The amounts that students pay for textbooks each year may drastically decrease over the next few years due to a new textbook company that is out to sell a new type of textbook: free ones.

"With the cost of college skyrocketing and with aid not keeping pace, we want to see as many students as possible have free textbooks," said Tom Doran, CEO and founder of Freeload Press. "(Textbooks) are too important to go without . . . we're seeing textbook purchases declining as tuition increases."

Freeload Press, which was created in St. Paul, Minn., gave its downloadable college textbooks a test run this past fall.

Fifty-one instructors from 20 colleges used the company's e-books, and because of the positive feedback from both students and professors, 175 colleges and universities are registered to use them for the spring 2006 semester.

Elon University finance professor, Wonhi Synn, will be the first professor in North Carolina to provide free textbooks to his students next semester.

"The reason I'm trying this out for my section is because the textbook I'm using is good quality," he said. "I would not adopt something that is sub-quality just because it's free."

Students in Synn's Fundamentals of Financial Managing class will download their e-books using Adobe Acrobat format from Freeload Press' Internet Portal, If they would rather have a hardcopy, the company also offers paperback e-books with advertising, which are sold for 60 percent less than the original cost of the textbook.

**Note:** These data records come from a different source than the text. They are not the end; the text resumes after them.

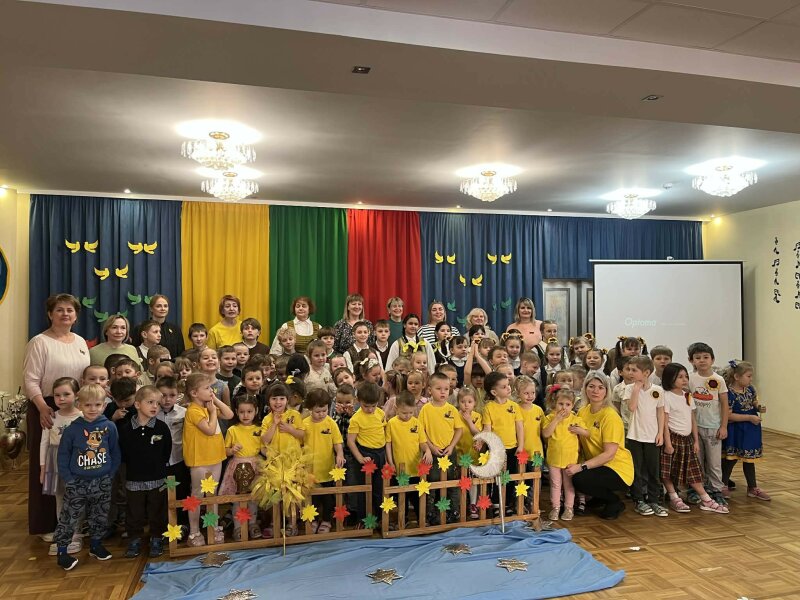 Visagine skambėjo vaikų muzikiniai sveikinimai Lietuvai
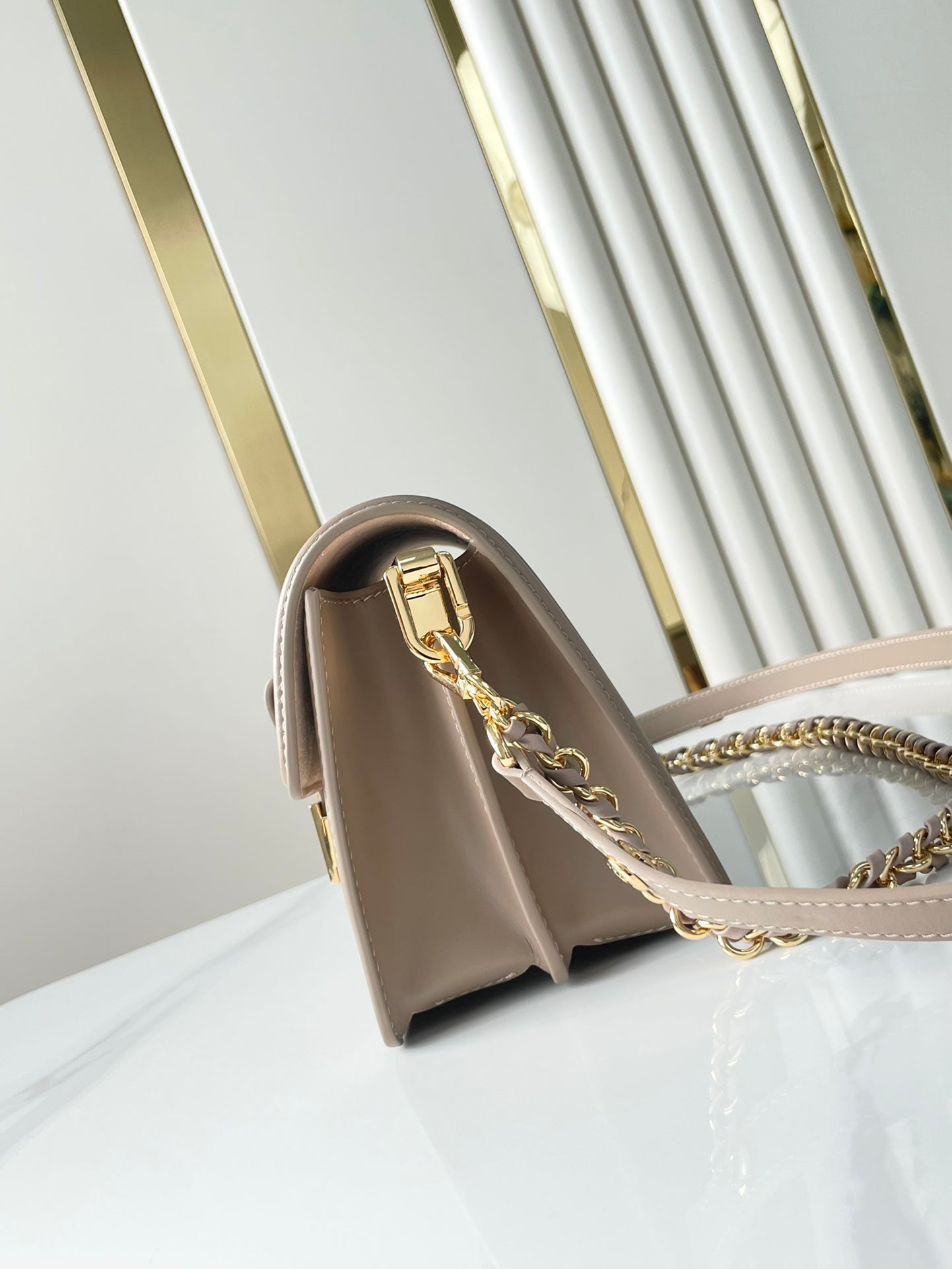 DAUPHINE MINI 20 IN MEDIUM BROWN EPI GRAINED CALFSKIN GOLD HARDWARE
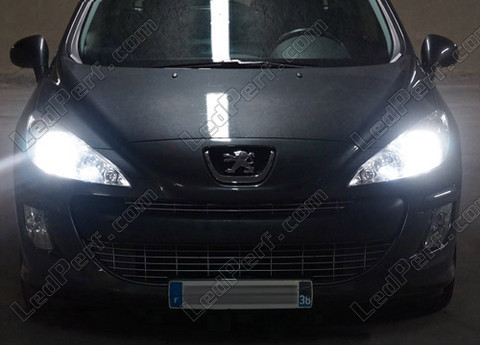 LED-lampa Halvljus Peugeot 308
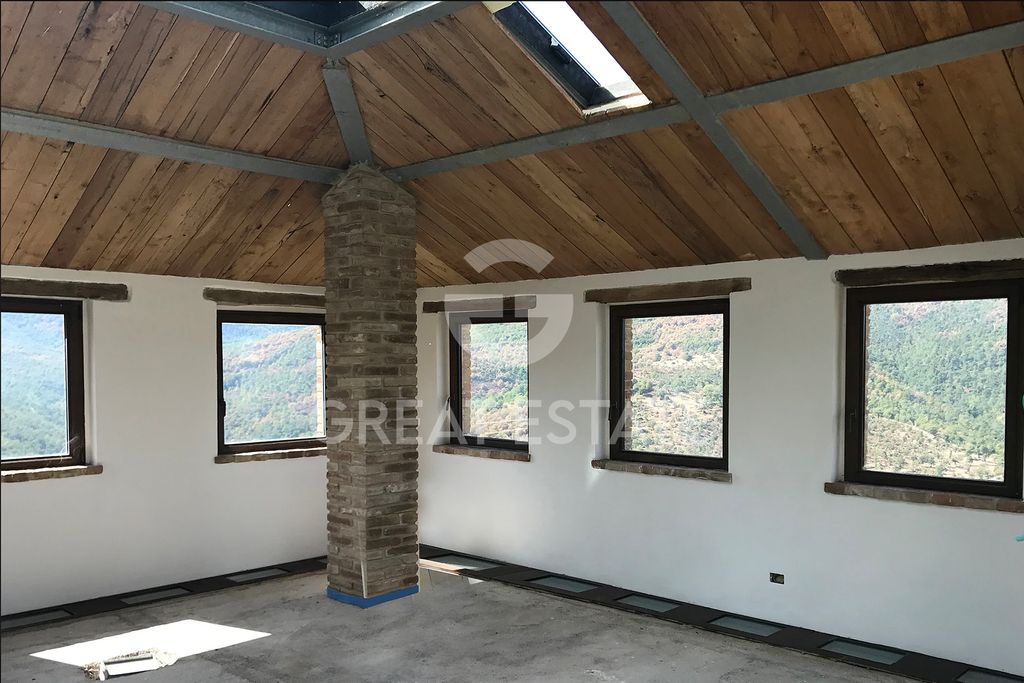 Property photo 2 of 17 Interiors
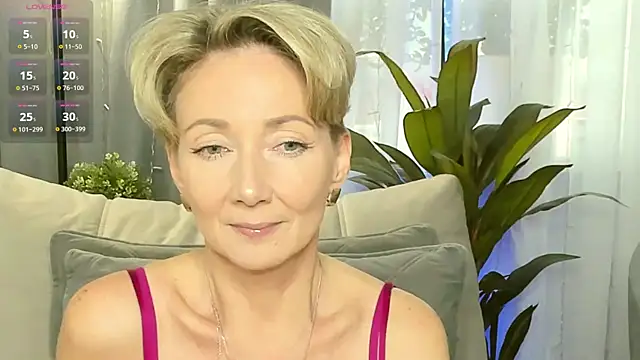 AkexandraFix online show from September 2025 12:41:01 PM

"We debated about using a browser base, but students want a sense of ownership," Doran said. "They want the information right on the laptop or desktop so they can have at it any time they want without worrying about being connected."

Synn said he's going to take advantage of the different textbook types Freeload Press offers. "I'm going to give my students options so they can read chapters on the computer screen, they can download it, and for students that cannot do that, and they want a printed copy, they can buy that online," he said.

Freeload Press is selling the printed copy of the finance book for $25 with a $4 shipping and handling fee, according to Synn. He said that's comparable to the regular price of $150 for finance books.

Freeload Press is currently using 10 corporate sponsors. When businesses sponsor Freeload Press, they are able to put advertisements in the front of the printed book and in chapter openings of e-textbooks.

Doran said that the more sponsorship the company gets increases the number of books they can publish. "If we can save at least one textbook per year per student, that's the first step," he said. "When we see that students want more books, we want to provide more books, and more sponsorship means more titles."

Synn said he's looked through the e-books, and doesn't think the ads are intrusive. "Students can easily bypass the ads while reading a chapter," he said.

So what's the possibility of every student getting all of their textbooks for free in the next couple years? Doran said it may be a longer project than we may hope. But he also said that these first steps made by Freeload Press are meant to cause a reaction and make an example for other companies to follow.
"That's our goal," Doran said. "We're trying to show other publishers that we work, we can get sponsors and we can get academics to use the commercial textbook."

Synn said that he's also willing to spread the news if he and his students like the material.

"If it works, if my students like it and it's doable and effective, then I'm going to encourage it to other professors," he said.
Freeload Press is the first media and publishing company to adopt the idea of using commercial sponsoring to reduce the price of textbooks. Doran said it was a collaborative effort to pull it all together. The founders are a group of authors, academics, advertisers, publishers and supporting vendors, all with backgrounds in academic publishing.

Doran has worked in the publishing industry for 24 years. The founders have seen increases in tuition and other college expenses, and they have the mission to make college course work more affordable.

"It's clear that next to the lecture, the textbook is probably the most important tool for the student to use in order to learn, and not all students are buying their school materials because they simply don't have money for it," Doran said. "We want to limit the financial concerns of going to college."